REQUIRED WORK:
What you return must match the listing below line for line, minus its pictures.

BEGIN COLLECTED MATERIAL

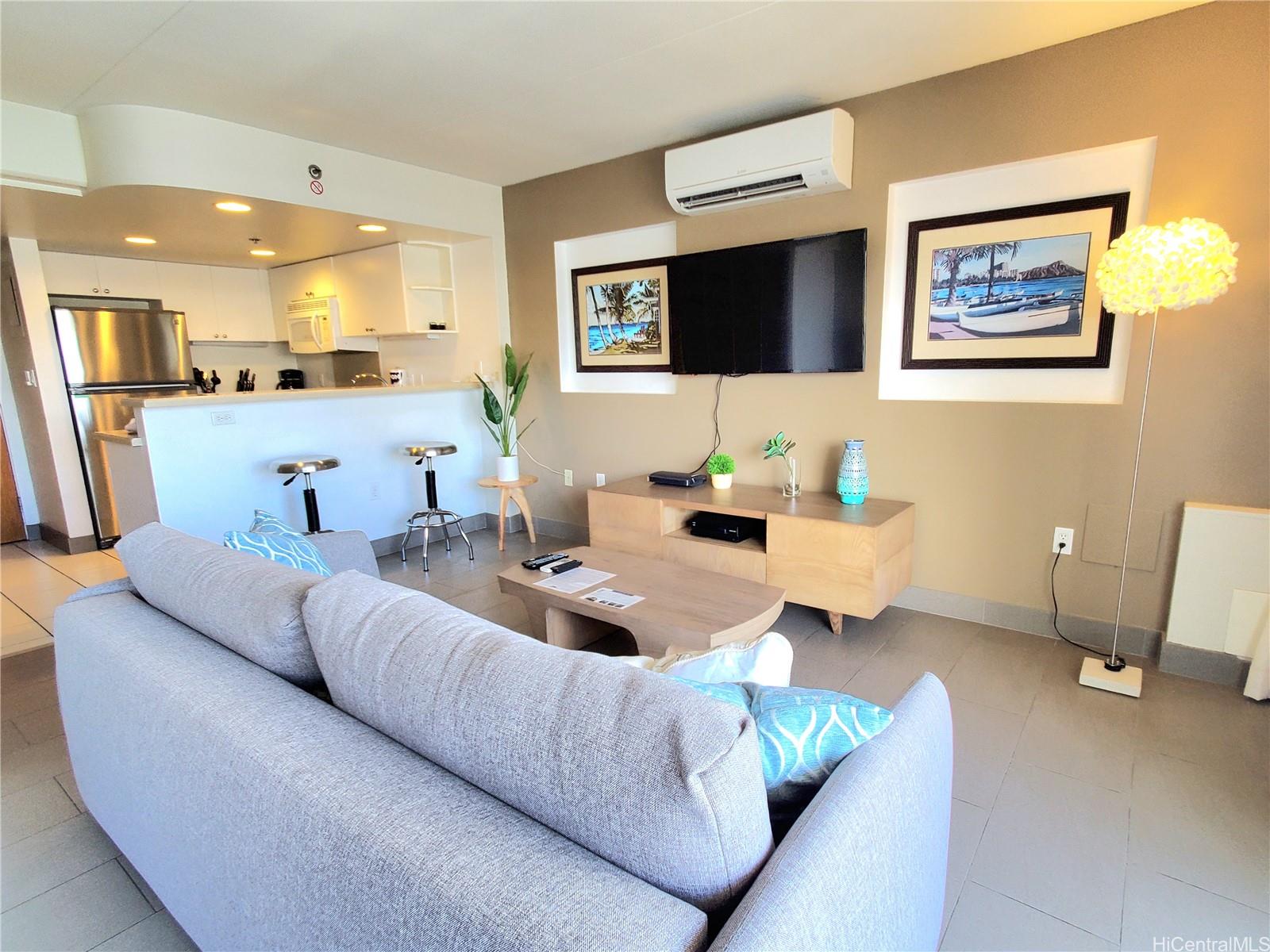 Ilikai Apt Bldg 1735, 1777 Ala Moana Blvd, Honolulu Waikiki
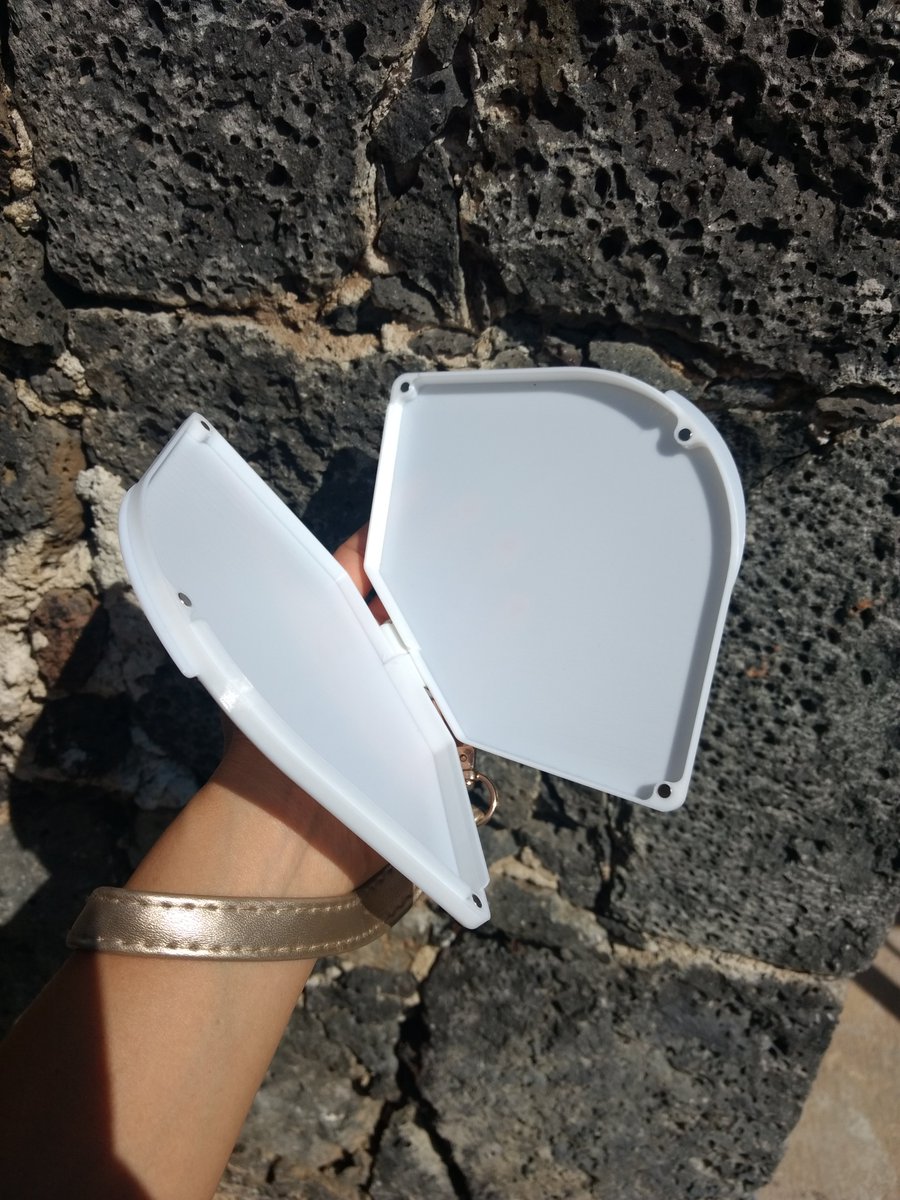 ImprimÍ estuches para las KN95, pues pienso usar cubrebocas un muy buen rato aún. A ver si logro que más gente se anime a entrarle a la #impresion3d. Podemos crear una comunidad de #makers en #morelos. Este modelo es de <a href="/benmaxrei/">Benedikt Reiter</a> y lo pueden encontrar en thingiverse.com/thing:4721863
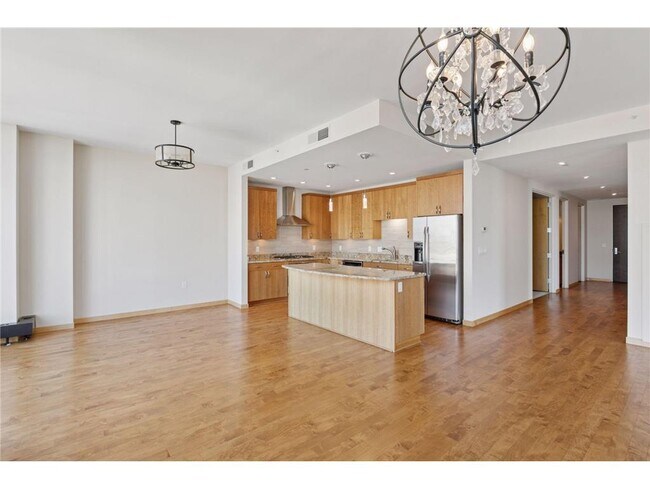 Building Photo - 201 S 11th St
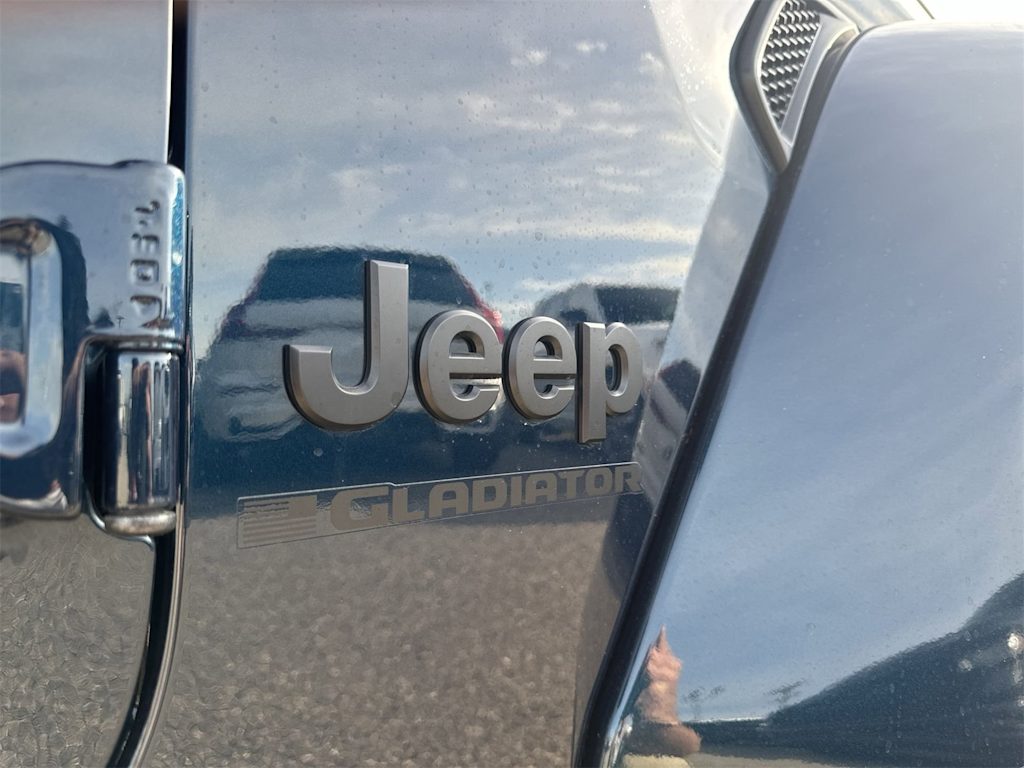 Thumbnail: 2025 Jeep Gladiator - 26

END COLLECTED MATERIAL

ANSWER SPACE:
 Ilikai Apt Bldg 1735, 1777 Ala Moana Blvd, Honolulu Waikiki
 ImprimÍ estuches para las KN95, pues pienso usar cubrebocas un muy buen rato aún. A ver si logro que más gente se anime a entrarle a la #impresion3d. Podemos crear una comunidad de #makers en #morelos. Este modelo es de <a href="/benmaxrei/">Benedikt Reiter</a> y lo pueden encontrar en thingiverse.com/thing:4721863
 Building Photo - 201 S 11th St
 Thumbnail: 2025 Jeep Gladiator - 26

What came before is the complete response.